Le Bas-Canada  vers 1820

Une question d'Alexis de Tocqueville

Notice: voici un dialogue entre un observateur français et un paysan canadien- français. Le Français s’étonne que les Canadien français ne s’établissement pas davantage sur les terres disponibles. Le paysan lui répond ceci : «Mais pourquoi que vous gardez votre femme, quoique celle de votre voisin soit plus jolie?» Que veut-il dire par là?

Extrait:

L'observateur - «Pourquoi restez-vous si serrés au lieu de vous étendre dans le pays?

Le paysan - Nous avons tort, nous sentons bien que nous finirons par être enveloppés par les Anglais; il y a déjà là tout près des bas de soie (Irlandais et Écossais émigrants) qui viennent d'arriver. Mais que voulez-vous? Nous sommes nés là; on a ses parents, ses amis, son champ, dans un endroit, on ne saurait aller ailleurs.

L'observateur - Mais ceci n'est pas raisonnable. Avant tout, il faut vivre. Vous êtes heureux aujourd'hui; mais le champ qui vous suffit aujourd'hui sera insuffisant lorsque votre famille sera doublée ou triplée. Alors vous voudrez avancer dans les terres, mais déjà elles seront prises. Vous voyez bien qu'il faut vous en emparer les premiers, sans quoi votre bonheur n'a point d'avenir.

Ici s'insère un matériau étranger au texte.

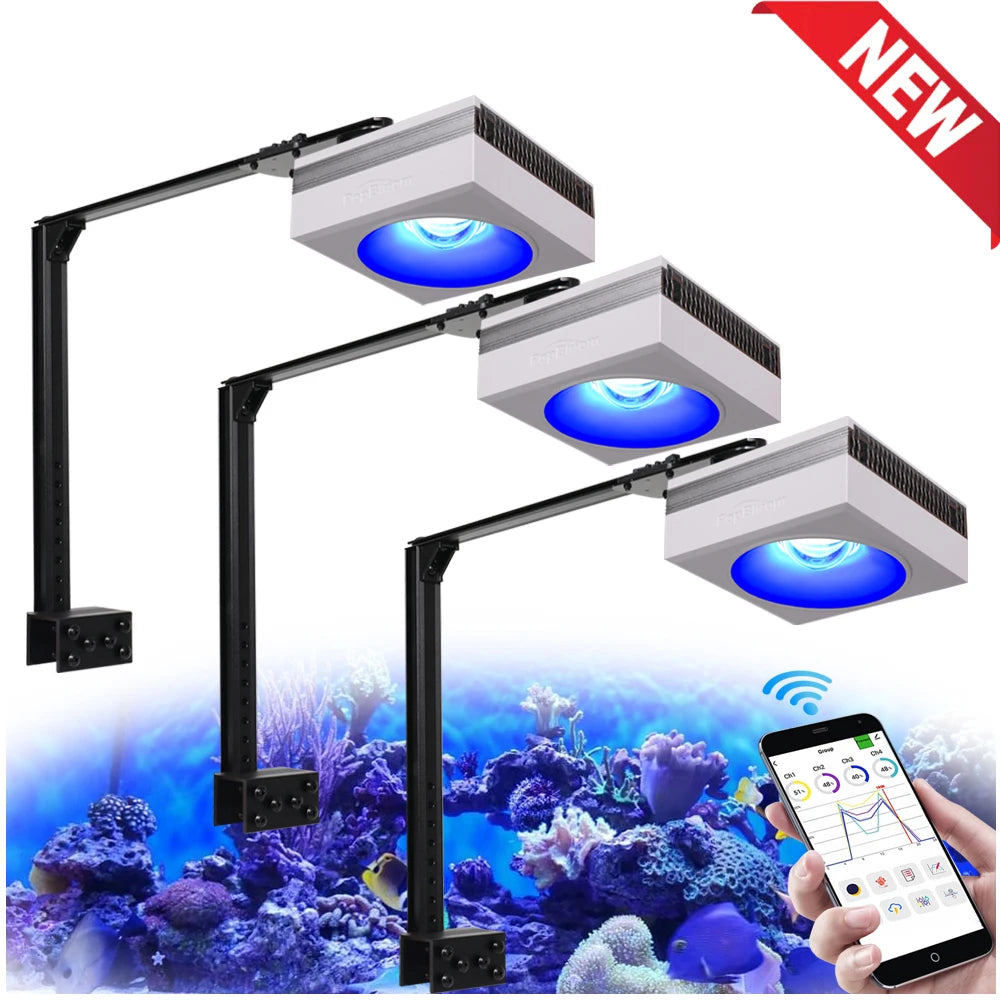 PopBloom RL90 WiFi LED Aquarium Light – Full Spectrum Reef Lamp for Saltwater Coral & Marine Tank Growth
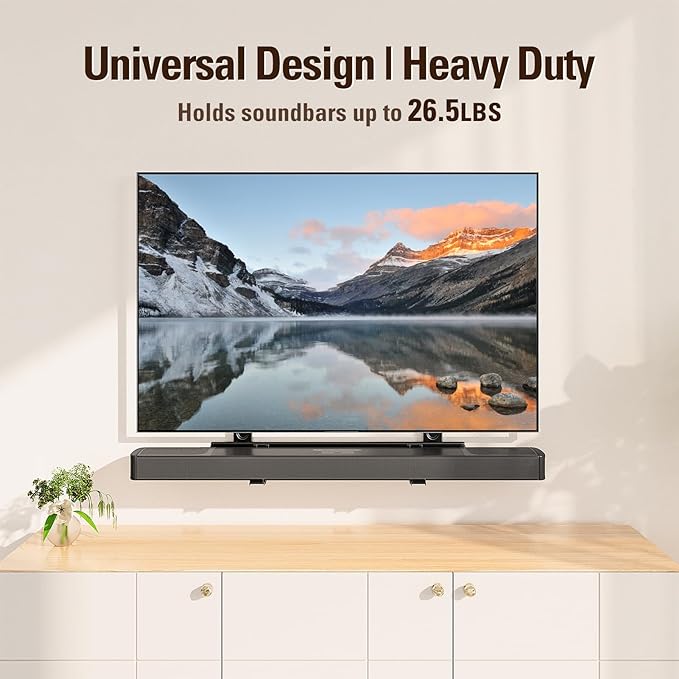 Mounting Dream Soundbar Mount, Heavy Duty Soundbar Wall Mount for Sound Bars with Holes/Without Holes Up to 26.5 LBS, Soundbar Bracket Height Adjust, No-Slip Base Holder Extends 3.44”-6.06”, MD5428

Le paysan - C'est vrai, nous avons tort, nous serions mieux en faisant comme vous dites. Mais pourquoi que vous gardez votre femme, quoique celle de votre voisin soit plus jolie?»

Source

Gustave de Beaumont cité dans Alexis de Tocqueville. «Lettre du 28 août 1831.» Regards sur le Bas-Canada. Montréal, 2003. p. 296-297.